Der Mensch muss aufhören, ein Mensch zu sein. Will der Mensch die Urnorm entdecken, muss er zur Urnorm werden. Wer die Urnorm kennt, begreift den Anfang des Universums.
Frustriert, beruflich unterfordert bestreitet der Rechtsanwalt Anatol Altmann, als Strafverteidiger sein Leben. Sein unausgesprochenes Talent: Pen & Paper – Rollenspiele, sein Guilty Pleasure das Spiel „das verrückte Labyrinth“.
Kurzum bekommt er die Möglichkeit, sein langweiliges Leben gegen ein aufregendes Leben in einer Fantasiewelt zu tauschen und seine Leidenschaften miteinander zu verbinden: Statt nur das Recht durchzusetzen, darf er am HGH, also am Höchsten Gerichtshof, volle Gerechtigkeit bewirken. Das HGH, das sich als magisches Tribunal entpuppt und in dem jegliche Rechtsauslegung möglich wird, verlangt von Altmann nur eines: sein irdisches Leben.
Der Strafverteidiger, der sich in einer heftigen Sinnkrise befindet, spielt nun um sein Leben: Doch was ist volle Gerechtigkeit? Kann man den Menschen an sich zu gutem Sein verdonnern? Kann das Recht für Gerechtigkeit sprechen? Ab wann tritt Gerechtigkeit für alle ein?

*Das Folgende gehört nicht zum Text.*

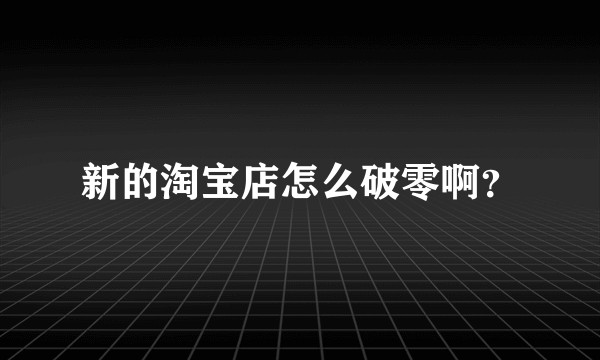 新的淘宝店怎么破零啊？
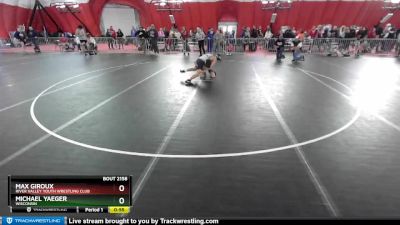 132 lbs Cons. Round 2 - Michael Yaeger, Wisconsin vs Max Giroux, River Valley Youth Wrestling Club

Altmann verhandelt dies nicht nur Spielzug für Spielzug am HGH, das die weltlichen Gesetze außer Kraft gesetzt hat, sondern auch in seinem Privatleben: In einem unmöglichen Liebesdreieck zwischen Hannes, Timea und Anatol sind die Würfel noch nicht komplett gefallen:
„Wieder schwebt das unmögliche Dreieck auf Altmann zu und er zurück durch das rotierende Tor, dorthin, von wo beziehungsweise von wann er gekommen war.“
Die Gerichtsakten verhandelt Anatol Altmann wie Pen und Paper Spiele. Mit Würfel, Stärken und Schwächen des Charakters, Eigenschaften wird in 10 Aktenstücken Gerechtigkeit in verschiedenen Situationen verhandelt. Der Würfel bleibt auch hier das Zufallselement. Wie viele Pen und Paper Spiele ist das Ende für den Lesenden nicht klar. Anatol Altmann wird zum Dungeon Master in seinen eigenen Dungeons, er wird Kämpfer, Zauberer, Paladin. Besonders D&D Freunde werden an der Spielstruktur des Buches sehr viel Freude beim Lesen haben. Die nächsten Spielzüge sind unklar, Altmann läuft 10 statt 20 Entwicklungsstufen durch.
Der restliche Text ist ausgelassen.